Dataset section |
──────────

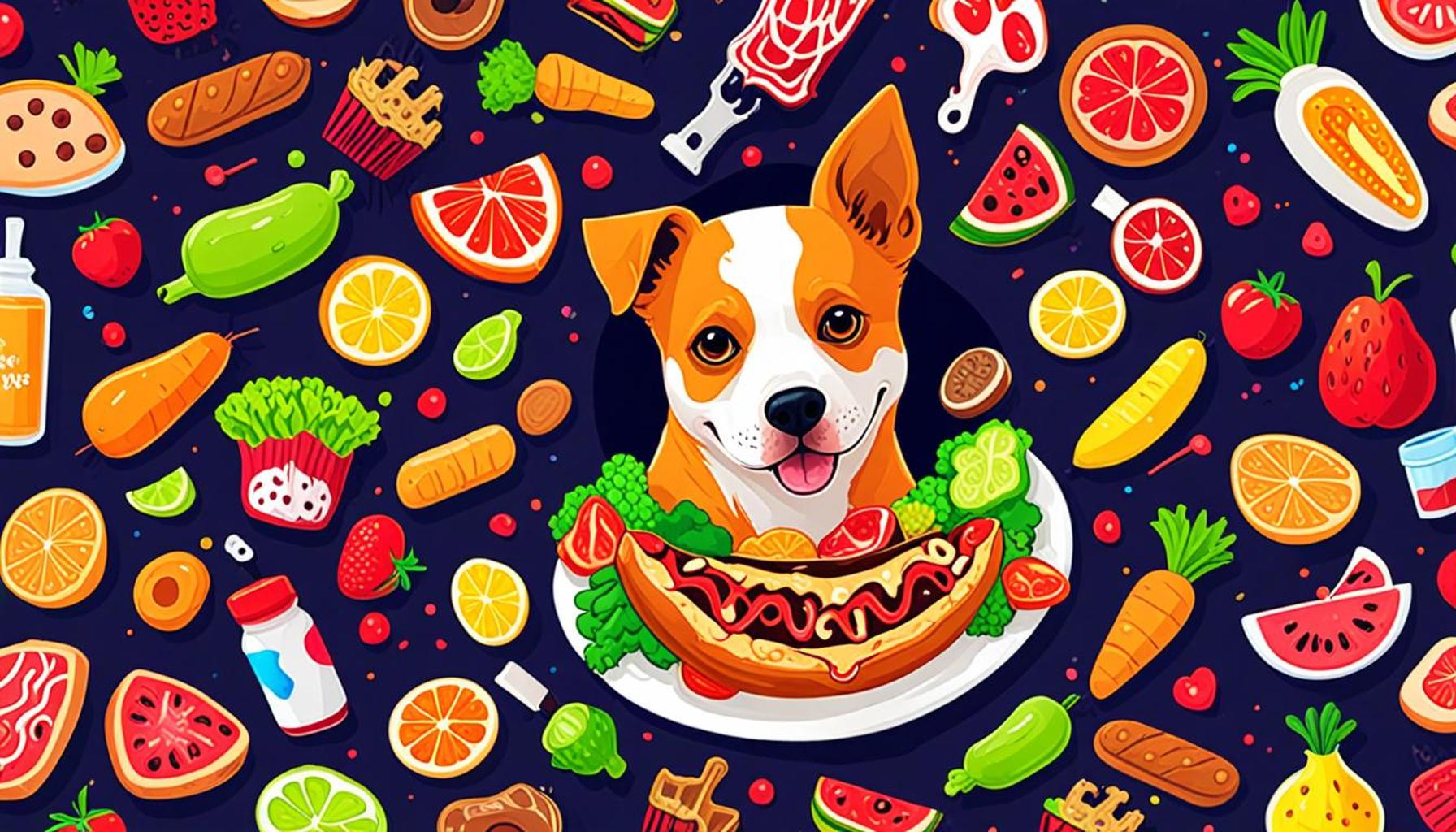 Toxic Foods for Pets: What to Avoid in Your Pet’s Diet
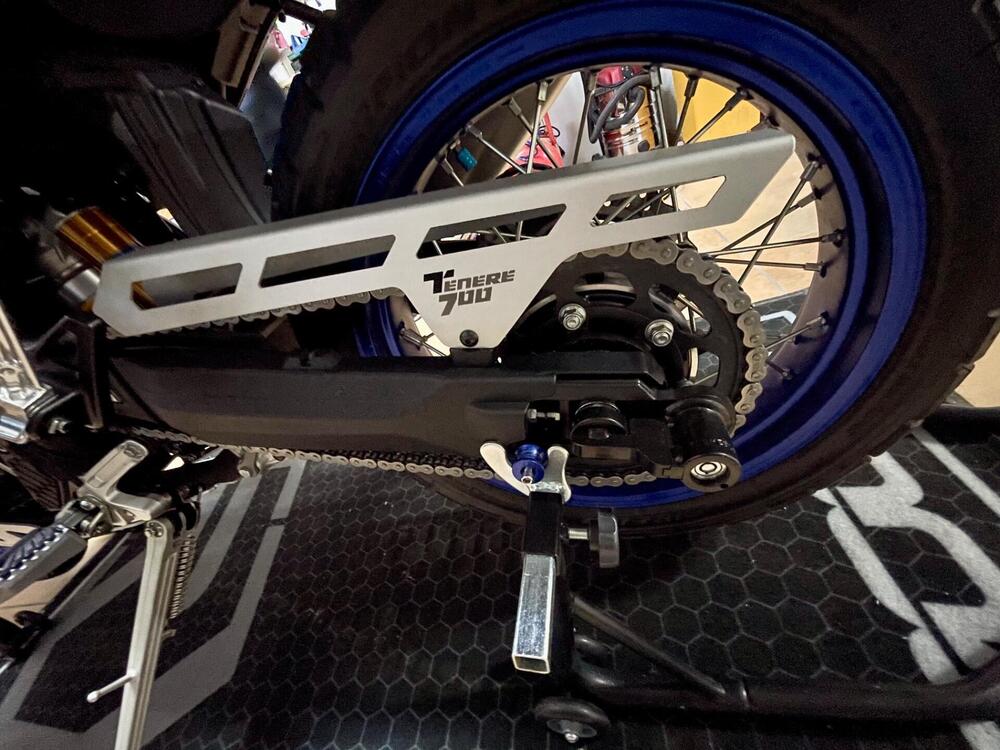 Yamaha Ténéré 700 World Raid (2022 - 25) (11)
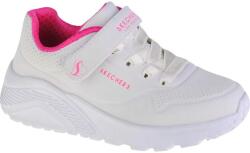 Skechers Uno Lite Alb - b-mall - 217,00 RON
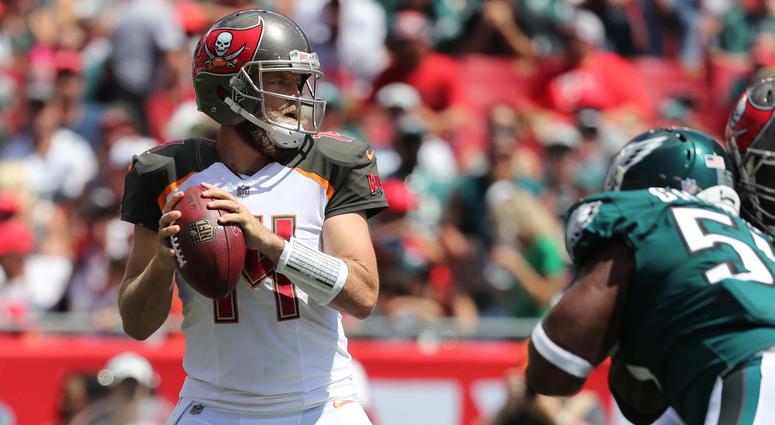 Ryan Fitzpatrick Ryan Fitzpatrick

──────────

What to produce | Your copy should start at the line with "Skechers Uno Lite Alb - b-mall - 217,00 RON", stop at the last line of the listing above, match exactly, and contain no pictures.

Solution |
 Skechers Uno Lite Alb - b-mall - 217,00 RON
 Ryan Fitzpatrick Ryan Fitzpatrick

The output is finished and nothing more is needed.